Always wanted to get Steller's Sea Eagle on my China list. They are reported in small numbers in eastern Jilin in the winter as we've discussed before I believe.

Take care,
Tom
 
Many thanks Tom.

I too have always thought getting Steller's on my China list is something to aspire to! I can imagine combining it with a winter owling trip ... one day ...

Nearly finished with my Japan trip, but last weekend at San Tin is a new source of excitement.

A far cry from the hot and polluted weather of the previous weekend last Saturday was cooler and sunny with a nice easterly breeze and the whole site seemed to have more of a spring in its step.
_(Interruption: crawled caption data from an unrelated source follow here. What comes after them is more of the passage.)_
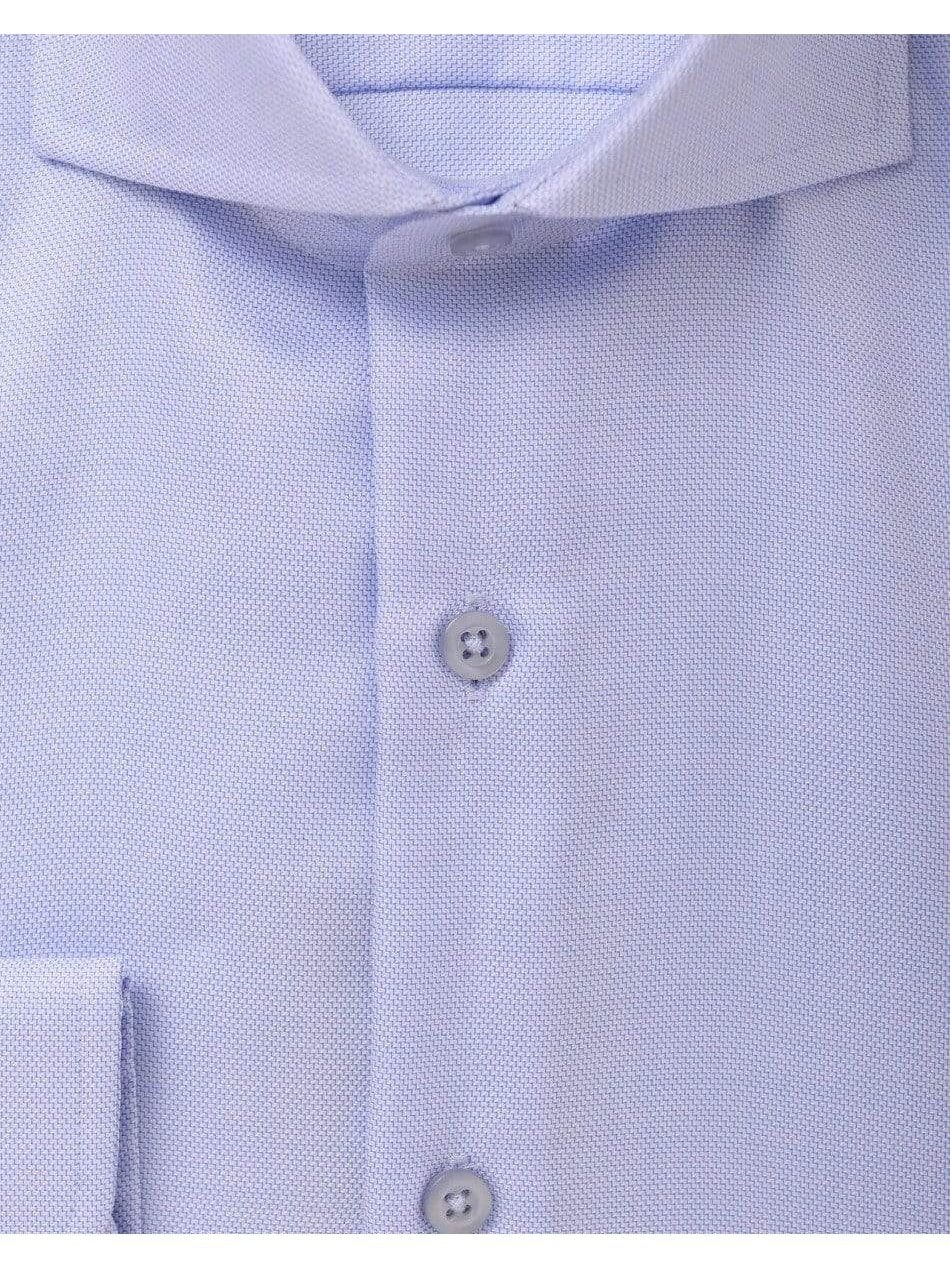 Proper Shirtings SHIRTS The Suit Depot Mens 100% Cotton Blue Cutaway Collar Slim Fit Dress Shirt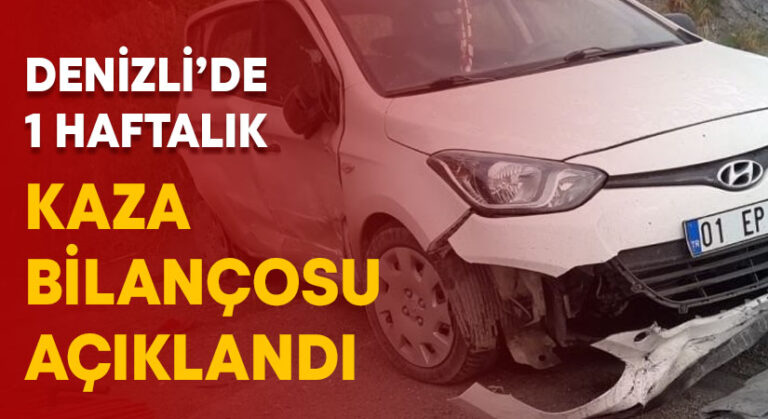 Denizli’de 1 haftalık kaza bilançosu açıklandı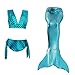 Produktbild Das Beste Mädchen Meerjungfrauen Bikini Kostüm Meerjungfrau Schwimmanzug Badeanzüge Tankini (150, babyblau), 150, Farbe: Babyblau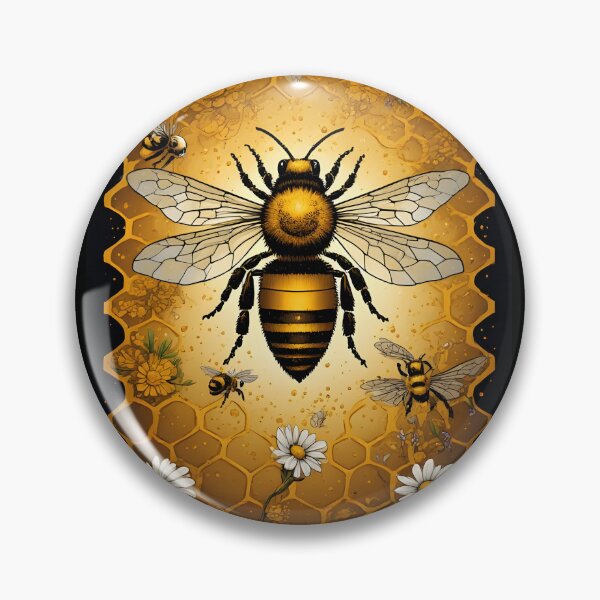Item preview, Queen Bee Honeycomb Daisy Art for Bee Lovers designed and sold by owi-art.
I saw a few more species - 83 vs 79 - but various common birds were more visible - including Common, White-breasted and Pied Kingfishers, big flocks of Silky Starlings, a few more White-cheeked Starlings and Red-rumped Swallows had increased from two to eighteen and were very much in residence rather than stopping briefly on their way elsewhere.

Eight Temminck's Stints were foraging around the potholes created by catfish in a mostly-drained pond. The Pied Harrier I've not seen for a good few weeks put in an appearance and a couple of female Falcated Ducks were on the grass-fringed pond next to San Tin. It got extra scrutiny as pictures emerged from an overseas visitor to Mai Po of what looks like Hong Kong's first Hen Harrier! Three Eastern Buzzards were thermalling over Lok Ma Chau with a Greater Spotted Eagle, and another Eastern Buzzard was chased off by a very persistent Collared Crow.

I was delighted to see that Tufty numbers had risen to an amazing 650 birds on the pond just southeast of the rickety bridge (and 722 altogether across the site), and among them were a couple of female Scaup, and my first two Garganey for a few months.

Things became really exciting when a dark, long tailed dove with a contrasting grey head and neck flew past me. I immediately thought of Barred Cuckoo-Dove and was delighted and amazed when it landed on an overhead wire right next to an obviously paler and shorter-tailed Spotted Dove. I immediately grabbed a shot to document it - as I was aware that some Spotted Doves can be significantly darker - and the second shot below proved that I was not hallucinating! There are less than ten records of Barred Cuckoo Dove in Hong Kong and there is no good reason why a forest dependent species should appear on a fishpond wire. My amazement was tempered by that fact that Paul Leader had seen a one drinking from a rainwater puddle in mid-November at Lok Ma Chau, but when it was not relocated we presumed it had moved on.

It obviously hadn't, and the reason why became apparent a few minutes later when it dropped off the wire to feed with a couple of Spotted Doves on the stale bread dumped into a fishpond to feed the carp and mullet. There's a short clip on my Youtube channel (here). It was somewhat shocking to see this most elegant of forest aristocrats slumming it in such fashion. But presumably even aristocrats need to eat, and it had clearly decided that a full belly of stale bread was better than a dignified starvation. After a few minutes it flew off westwards leaving me to celebrate an amazing patch tick.

Carrying on I headed for the northeastern corner to try to nail all the doves on site. I was pleased to find four Red Turtle Doves in their favourite tree and an Oriental Turtle Dove shot out of the drainage channel between Lok Ma Chau and San Tin. I was also surprised to find a winter male Yellow-breasted Bunting sat on a bare bund nearby and grabbed a couple of shots of a friendly Red-throated Pipit with some leucism on the crown.

There's more to come (lots!) but my bed beckons, and I'll post pix, and the rest of the weekend's birds in the next day or so.